START Recorded information

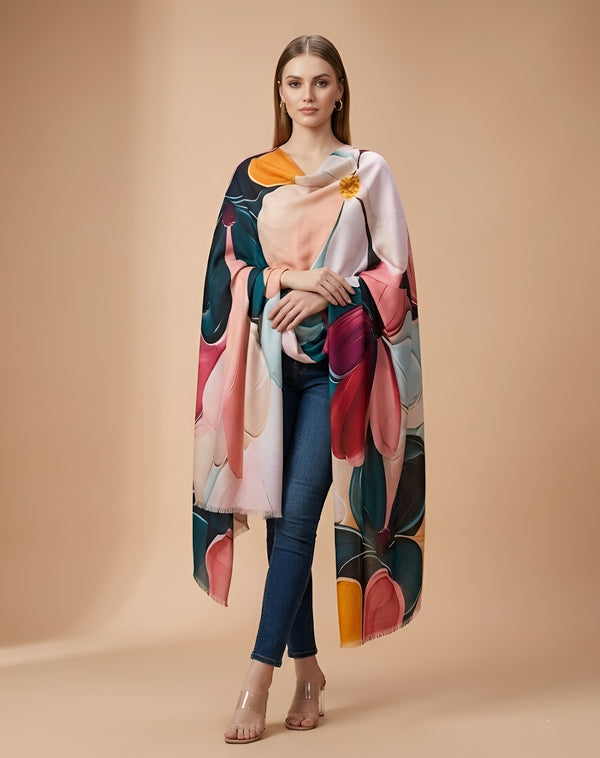 Signature Bamboo Silk Floral PrintedStole | Oversized Contemporary Bloom Print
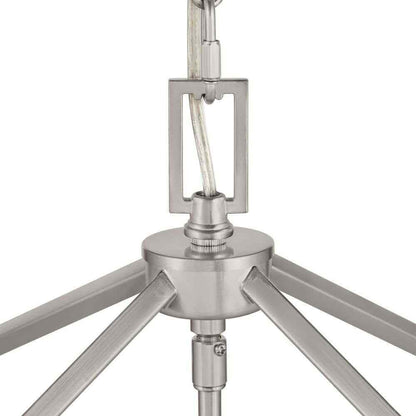 Home Decorators Weyburn 6-Light Brushed Nickel Caged Farmhouse Chandelier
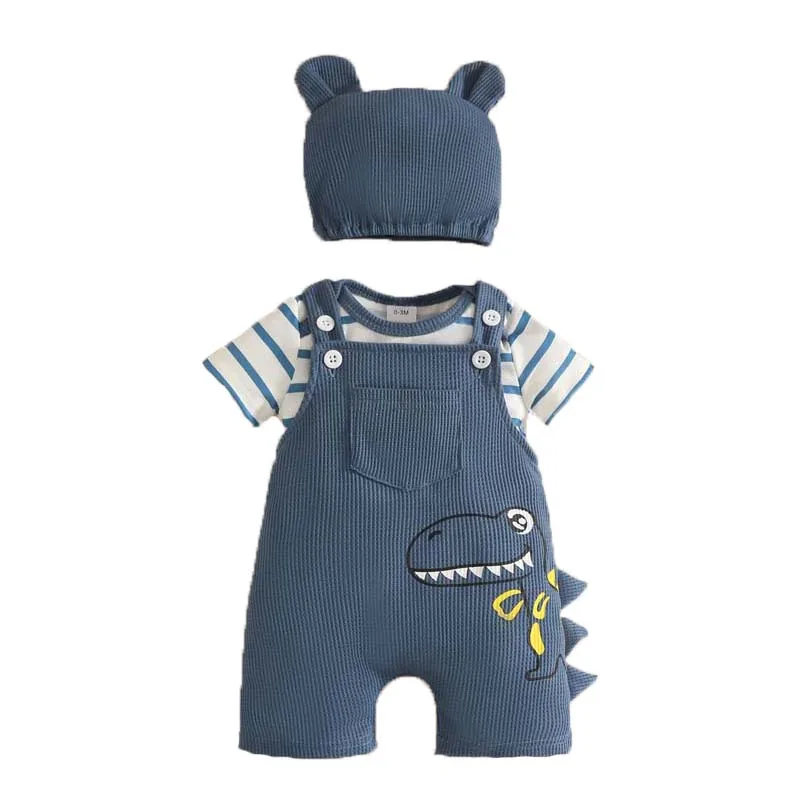 

3Pcs Baby Boy Dinosaur Outfit Striped Bodysuit Short Overalls with Hat Summer Infant Clothes Set 0-18 Months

END Recorded information

• [Work to complete]: Beginning with the line that holds "Home Decorators Weyburn" and ending with the last line of the material above, extract every line exactly, pictures excluded.

• [Result of the task]:
 Home Decorators Weyburn 6-Light Brushed Nickel Caged Farmhouse Chandelier

3Pcs Baby Boy Dinosaur Outfit Striped Bodysuit Short Overalls with Hat Summer Infant Clothes Set 0-18 Months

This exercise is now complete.